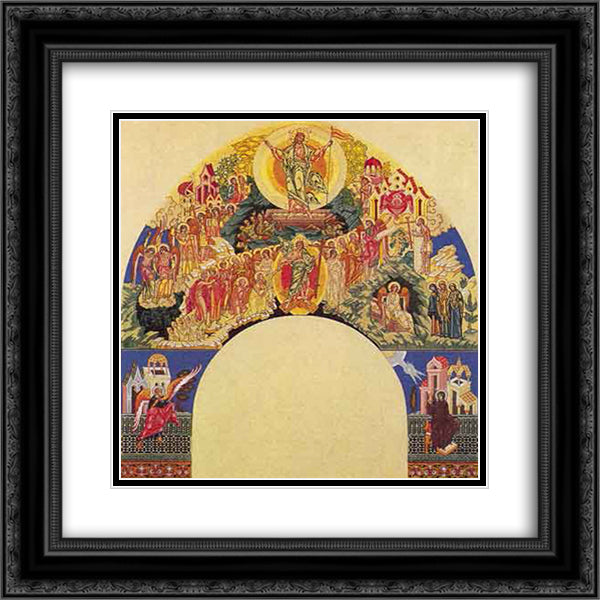 Resurrection of Christ. The sketch for the fresco of the church of the Assumption in Olshany 20x20 Black Ornate Wood Framed Art Print Poster with Double Matting by Bilibin, Ivan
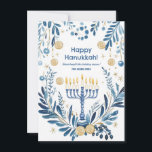 Cartão De Festividades Texto personalizado Blooms de Hanukkah Radiante<br><div class="desc">Apresentando o "Cartão de Sangue Radiante Chanucá"! Este elegante cartão de saudação quadrado é perfeito para celebrar Chanucá com um toque pessoal. O cartão apresenta uma menorah ilustrada de forma elegante com todas as velas acesas, rodeadas por ilustrações intrincadas de aquarelas, de flores azuis e brancas, de ouros e de...</div>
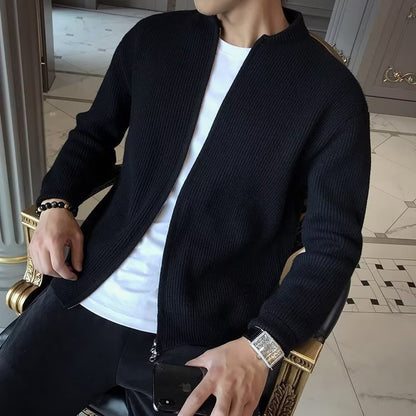 Mens Solid Color Knitted Cardigan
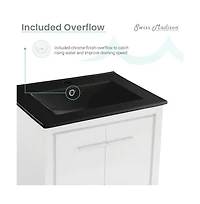 Virage 24 in. White Bathroom Vanity With Black Ceramic Sink Top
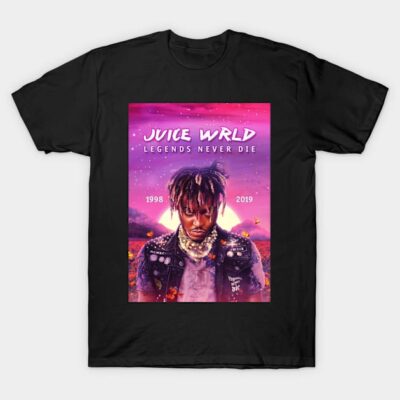 Black graphic t-shirt featuring vibrant music-themed design, cotton material, casual wear for fans.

_WORK TASK_
Return the whole of the material above exactly, with no picture carried over.

_RESULT FOR THIS EXERCISE_
 Resurrection of Christ. The sketch for the fresco of the church of the Assumption in Olshany 20x20 Black Ornate Wood Framed Art Print Poster with Double Matting by Bilibin, Ivan
 Cartão De Festividades Texto personalizado Blooms de Hanukkah Radiante<br><div class="desc">Apresentando o "Cartão de Sangue Radiante Chanucá"! Este elegante cartão de saudação quadrado é perfeito para celebrar Chanucá com um toque pessoal. O cartão apresenta uma menorah ilustrada de forma elegante com todas as velas acesas, rodeadas por ilustrações intrincadas de aquarelas, de flores azuis e brancas, de ouros e de...</div>
 Mens Solid Color Knitted Cardigan
 Virage 24 in. White Bathroom Vanity With Black Ceramic Sink Top
 Black graphic t-shirt featuring vibrant music-themed design, cotton material, casual wear for fans.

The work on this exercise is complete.